[講演者] : Zongping Gong 氏
[日時] 5月28日 16:30-
[場所] 物理学科会議室
[タイトル]:Discrete Time-Crystalline Order in Cavity and Circuit QED Systems
[アブストラクト] :
Discrete time crystals (DTCs) are a recently proposed [1-3] and experimentally observed [4,5] nonequilibrium dynamical phase of Floquet systems, where the stroboscopic evolution of a local observable repeats itself at an integer multiple of the driving period. Previous works focused mainly on closed quantum systems because the coupling to an environment is believed to typically kill the discrete time-crystalline (DTC) order [6]. In this seminar, we will see that the DTC order does exist in specific open quantum system [7], as conjectured in Ref. [8]. We exemplify such a dissipative DTC by the modulated open Dicke model, which can be implemented by cavity and circuit QED systems [9,10]. In the thermodynamic limit, we employ semiclassical approaches and find rich dynamical phases on top of the DTC order. The rich phase structure can systematically be understood from bifurcation theory. In a deep quantum regime with few qubits, we find clear signatures of a transient DTC behavior, which is absent in the closed counterpart. This behavior can simply be understood from the spectrum of the Floquet superoperator. We also establish a phenomenology of dissipative DTCs by generalizing the Landau theory of phase transitions to Floquet open systems. In particular, we demonstrate the exponential scaling for the lifetime of the DTC mode with respect to the system size.

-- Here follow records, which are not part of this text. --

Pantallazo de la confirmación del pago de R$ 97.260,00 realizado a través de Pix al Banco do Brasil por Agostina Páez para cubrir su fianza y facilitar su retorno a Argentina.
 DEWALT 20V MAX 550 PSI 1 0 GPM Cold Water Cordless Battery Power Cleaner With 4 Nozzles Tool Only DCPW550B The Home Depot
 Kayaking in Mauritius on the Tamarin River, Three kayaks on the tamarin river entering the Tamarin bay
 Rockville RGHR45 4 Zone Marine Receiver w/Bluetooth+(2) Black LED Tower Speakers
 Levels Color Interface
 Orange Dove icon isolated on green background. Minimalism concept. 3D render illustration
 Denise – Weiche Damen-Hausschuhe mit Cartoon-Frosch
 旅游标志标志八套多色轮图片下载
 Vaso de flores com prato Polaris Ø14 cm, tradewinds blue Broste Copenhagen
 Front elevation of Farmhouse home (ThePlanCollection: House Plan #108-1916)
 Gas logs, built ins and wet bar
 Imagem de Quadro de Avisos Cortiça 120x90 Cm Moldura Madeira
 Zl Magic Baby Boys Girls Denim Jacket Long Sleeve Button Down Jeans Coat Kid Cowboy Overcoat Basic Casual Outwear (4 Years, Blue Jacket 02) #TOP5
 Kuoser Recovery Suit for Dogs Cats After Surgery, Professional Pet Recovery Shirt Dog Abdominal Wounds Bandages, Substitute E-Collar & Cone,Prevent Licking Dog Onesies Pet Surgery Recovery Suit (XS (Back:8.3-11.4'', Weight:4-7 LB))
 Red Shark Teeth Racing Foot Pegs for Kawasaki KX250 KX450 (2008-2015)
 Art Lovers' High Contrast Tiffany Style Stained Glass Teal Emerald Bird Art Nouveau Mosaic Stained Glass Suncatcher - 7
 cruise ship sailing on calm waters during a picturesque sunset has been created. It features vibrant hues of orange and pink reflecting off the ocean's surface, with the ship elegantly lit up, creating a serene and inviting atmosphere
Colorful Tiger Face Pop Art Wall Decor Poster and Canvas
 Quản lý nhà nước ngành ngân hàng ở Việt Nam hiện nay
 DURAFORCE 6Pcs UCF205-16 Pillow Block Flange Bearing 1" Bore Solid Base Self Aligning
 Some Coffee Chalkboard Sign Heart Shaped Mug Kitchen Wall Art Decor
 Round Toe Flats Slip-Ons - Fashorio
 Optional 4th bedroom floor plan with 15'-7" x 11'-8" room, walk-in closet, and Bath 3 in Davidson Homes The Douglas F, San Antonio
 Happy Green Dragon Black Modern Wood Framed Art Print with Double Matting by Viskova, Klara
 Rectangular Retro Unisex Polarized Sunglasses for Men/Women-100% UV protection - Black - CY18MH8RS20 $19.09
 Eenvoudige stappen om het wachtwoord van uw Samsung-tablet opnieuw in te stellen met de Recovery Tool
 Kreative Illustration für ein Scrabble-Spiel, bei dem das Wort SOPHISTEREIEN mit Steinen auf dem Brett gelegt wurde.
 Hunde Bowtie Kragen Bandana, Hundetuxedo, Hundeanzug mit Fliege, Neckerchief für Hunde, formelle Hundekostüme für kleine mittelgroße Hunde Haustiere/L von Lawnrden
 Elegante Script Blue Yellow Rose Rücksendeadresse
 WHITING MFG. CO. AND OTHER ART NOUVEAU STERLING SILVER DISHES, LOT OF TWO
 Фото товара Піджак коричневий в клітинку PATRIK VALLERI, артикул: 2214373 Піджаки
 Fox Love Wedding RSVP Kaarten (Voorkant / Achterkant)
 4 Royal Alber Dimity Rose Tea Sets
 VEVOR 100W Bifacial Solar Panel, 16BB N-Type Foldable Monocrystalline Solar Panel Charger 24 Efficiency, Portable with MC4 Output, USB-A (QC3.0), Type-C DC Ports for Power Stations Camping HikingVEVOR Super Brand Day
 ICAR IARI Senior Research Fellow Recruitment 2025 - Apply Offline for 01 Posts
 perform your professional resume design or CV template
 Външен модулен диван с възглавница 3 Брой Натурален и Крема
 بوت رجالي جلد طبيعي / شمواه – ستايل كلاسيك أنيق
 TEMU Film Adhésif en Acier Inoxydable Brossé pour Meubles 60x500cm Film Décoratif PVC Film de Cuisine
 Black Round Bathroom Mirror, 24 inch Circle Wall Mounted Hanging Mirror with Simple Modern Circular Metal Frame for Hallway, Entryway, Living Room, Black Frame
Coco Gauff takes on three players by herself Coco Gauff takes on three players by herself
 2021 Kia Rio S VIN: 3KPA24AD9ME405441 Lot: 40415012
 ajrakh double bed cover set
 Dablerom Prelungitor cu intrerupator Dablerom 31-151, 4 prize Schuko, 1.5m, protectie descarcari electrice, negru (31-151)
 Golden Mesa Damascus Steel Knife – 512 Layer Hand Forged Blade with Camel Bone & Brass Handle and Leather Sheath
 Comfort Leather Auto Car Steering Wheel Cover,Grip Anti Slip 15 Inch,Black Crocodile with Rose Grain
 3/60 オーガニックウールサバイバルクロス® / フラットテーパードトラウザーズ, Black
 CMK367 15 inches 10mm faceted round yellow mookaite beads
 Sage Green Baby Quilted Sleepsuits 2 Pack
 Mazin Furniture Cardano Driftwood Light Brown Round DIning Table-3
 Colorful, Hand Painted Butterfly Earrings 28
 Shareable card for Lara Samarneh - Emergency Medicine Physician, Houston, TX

[1] V. Khemani, A. Lazarides, R. Moessner, and S. L. Sondhi, Phys. Rev. Lett. 116, 250401 (2016).
[2] D. V. Else, B. Bauer, and C. Nayak, Phys. Rev. Lett. 117, 090402 (2016).
[3] N. Y. Yao, A. C. Potter, I.-D. Potirniche, and A. Vishwanath, Phys. Rev. Lett. 118, 030401 (2017).
[4] J. Zhang et al., Nature 543, 217 (2017).
[5] S. Choi et al., Nature 543, 221 (2017).
[6] A. Lazarides and R. Moessner, Phys. Rev. B 95, 195135 (2017).
[7] Z. Gong, R. Hamazaki, and M. Ueda, Phys. Rev. Lett. 120, 040404 (2018).
[8] D. V. Else, B. Bauer, and C. Nayak, Phys. Rev. X 7, 011026 (2017).
[9] K. Baumann, C. Guerlin, F. Brennecke, and T. Esslinger, Nature 464, 1301 (2010).
[10] F. Yoshihara, T. Fuse, S. Ashhab, K. Kakuyanagi, S. Saito, and K. Semba, Nat. Phys. 13, 39 (2017).